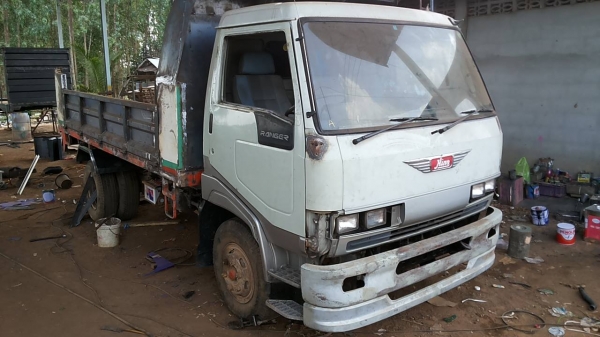 **600,000 บ.ต่อรอง**ขาย6ล้อดั้ม HINO FC2WEKA 120 ห้างแท้ ปี36 เครื่องเดิมเกียร์เดิม WO4D 120 แรง แห้งๆ แน่นๆ ช่วงล่างใหญ่ คัสซีใหญ่ สวยเดิมๆโรงงาน ไม่มีปะไมีมีดาม ไม่มีบวม กระบะดั้มเหล็กบิ้วใหม่ กว้าง2.20ม. ยาว 4.15ม. พื้นสวย กระบอกดั้ม6ตัน ยิวหน้า หัวเก๋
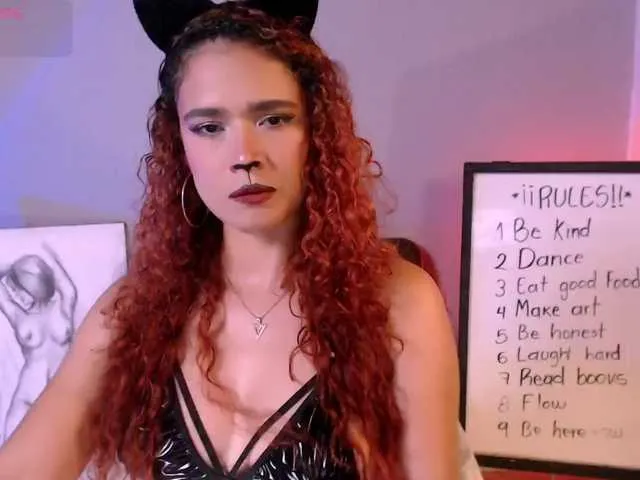 Live sex webcam photo for Bikergiirl #292109321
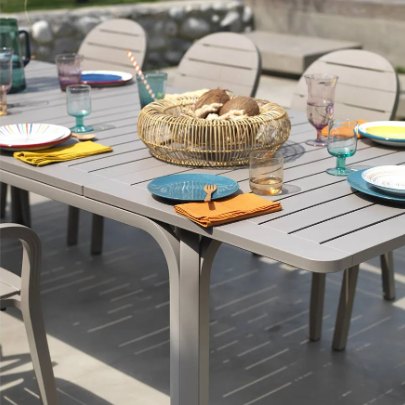 Nardi Alloro outdoor extending dining table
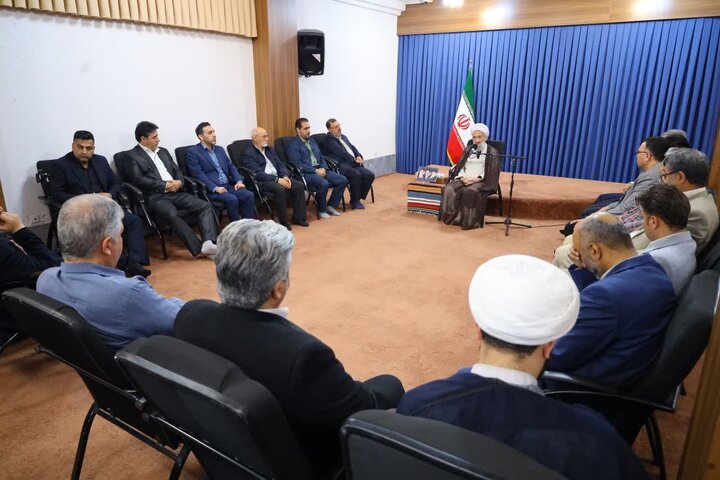 ایستادگی مردم، دشمن را عاجز کرده است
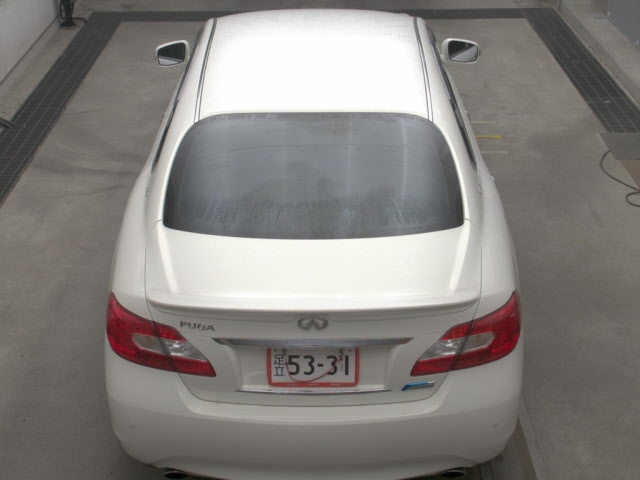 NISSAN FUGA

■ ■ ■ ■ ■

Directions for this task |
Pictures are to be dropped; every line of the records is to be returned unchanged.

Exercise result |
 **600,000 บ.ต่อรอง**ขาย6ล้อดั้ม HINO FC2WEKA 120 ห้างแท้ ปี36 เครื่องเดิมเกียร์เดิม WO4D 120 แรง แห้งๆ แน่นๆ ช่วงล่างใหญ่ คัสซีใหญ่ สวยเดิมๆโรงงาน ไม่มีปะไมีมีดาม ไม่มีบวม กระบะดั้มเหล็กบิ้วใหม่ กว้าง2.20ม. ยาว 4.15ม. พื้นสวย กระบอกดั้ม6ตัน ยิวหน้า หัวเก๋
 Live sex webcam photo for Bikergiirl #292109321
 Nardi Alloro outdoor extending dining table
 ایستادگی مردم، دشمن را عاجز کرده است
 NISSAN FUGA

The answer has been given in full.